The Paradise Fossil Plant’s three coal-burning units once were capable of generating 2,630 megawatts. In 2017, the two oldest generators were replaced by a natural gas-fueled plant constructed next door. The Tennessee Valley Authority decided on Feb. 14, 2019, to shut the third unit next year. Credit: Keith Schneider / for the Energy News Network

A draft operating plan released Friday calls for a shift to natural gas and distributed generation.

GREENVILLE, KY — In the panorama of the Tennessee Valley Authority’s 80,000-square-mile service area, encompassing over 50 electricity-generating stations that easily serve the needs of 10 million people in the Southeast, the Paradise Fossil Plant stands out. Opened in 1963 with two coal-burning generators and completed in 1970 with the start of a third, the 2,630-megawatt power station was among the largest in the United States and embodied the height of America’s allegiance to coal-fired power.

In 2017, though, the two older coal-burning units were replaced by a big natural gas-fueled generating station. And last week the unyielding currents of technology, operating costs, and public sentiment fully caught up with the Paradise plant and the 86-year-old New Deal federal agency that is its owner and operator. On Feb. 14, the TVA’s seven-member board ordered the Paradise plant’s third and last 1,150-megawatt turbine to shut next year.

That same day, the board also ruled that a 52-year-old, 881-megawatt coal-fired station near Oak Ridge, Tennessee, needed to close in 2023.

The next day, the agency’s staff issued a draft operating plan that reflects just how rapidly the electrical generating sector is evolving in the Southeast and across the United States. Under development for a year and due to be finished this summer, the plan projects that due to diminishing population growth and demand for electricity, TVA’s generating capacity — currently 33,500 megawatts — will be essentially unchanged over the next five years and may not need to increase, at least to 2038.
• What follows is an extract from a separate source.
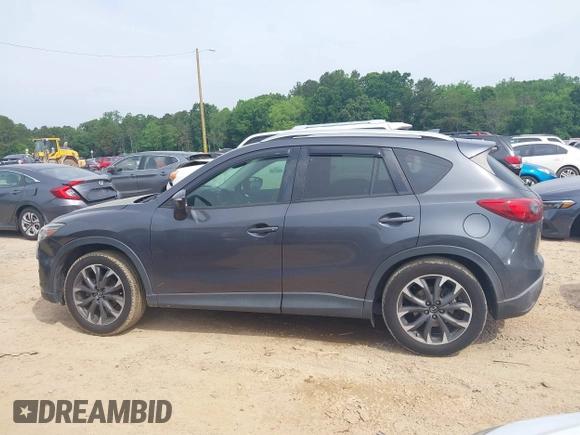 2016 Mazda CX-5 Grand Touring z VIN JM3KE2DY5G0801238, wystawiony jako IAAI lot #42264694 z przebiegiem 136 993 mil mil oraz . Historia ofert i sprzedaży dostępna na DreamBid. Obrazek 13.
Yet how that power is produced will change substantially. The authors of the plan call for shifting the agency, which spent more than 30 years in the 20th century building some of the largest centralized coal and nuclear plants in America, to rely much more intensively in the 21st century on natural gas and distributed solar generation.

TVA’s plan proposes to close its four remaining coal-fired stations, the youngest of which is 46 years old, perhaps by 2028. Their combined 6,030-megawatt generating capacity would be replaced by 6,000 megawatts of new solar production. A sizable share will come from rooftop solar installations.

New generating capacity from wind energy receives scant attention in the plan. TVA opened one small 27-megawatt wind farm in Tennessee in 2000, and purchases 1,517 megawatts of generating capacity from 8 more wind farms in Illinois, Kansas and Iowa.

Another of the draft plan’s intriguing proposals reflects TVA’s interest in modular 50-megawatt nuclear reactors, under development in a number of research centers in the United States and Canada. The agency, which operates three big nuclear stations, views producing as much as 600 megawatts from these much smaller machines as a more efficient and less expensive way to develop carbon-free baseload generating capacity.

Depending on what the agency’s board ultimately decides, the cost of the energy evolution from centralized to a more decentralized generating network ranges from $110 billion to $140 billion over the next two decades.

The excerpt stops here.